The Edgerouter seems to be a little sensitive related to high temperature.

1 Like

That is ... curious. Being in the market for the ERX myself, do you mind telling how much stress you put on the device, and how you positioned/buried it? It really should not be able to overheat in just regular operation.

I have one. It's been very dependable. They come with a small heatsink on the CPU though there is space for a larger one. I'm still using the stock one.

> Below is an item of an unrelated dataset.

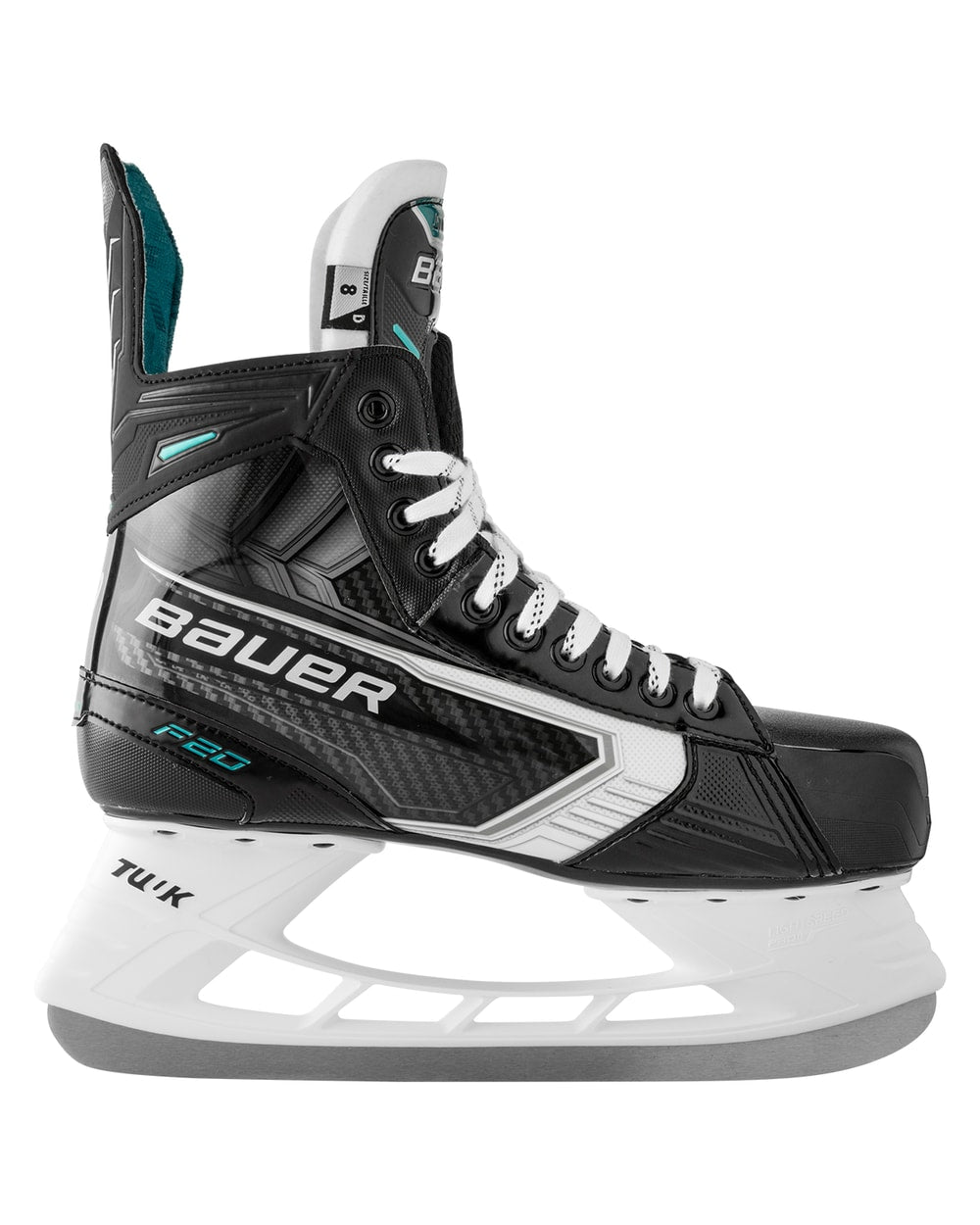 Bauer Supreme F20 Hockey Skates - lateral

There was another thread where someone plugged a non-POE device into port 4 without turning the GPIO pin off. I've done that too. That shorts out the power circuit and problems will occur.

1 Like

I have a lot of these little Edgerouters (for VPN-related things etc..)
Rock solid exept HEAT.
This belongs ONLY enviroment temperature, not any load inside OpenWRT.
If you have an primary Router (Cisco etc..) that produces heat, putting the Edgerouter on top of this is not a good idea.

This little beast really needs cool air all around.

Reading the official Hardware specs showing:
Operating Temperature -10 to 45° C (14 to 113° F)

1 Like

Ah, alright. This is generally true for pretty much every router except for maybe the really low-specced ones. Even my Lantiqs act up when not reasonably well ventilated (especially their modem chipset.) Thanks for the elaboration.

1 Like

This topic was automatically closed 10 days after the last reply. New replies are no longer allowed.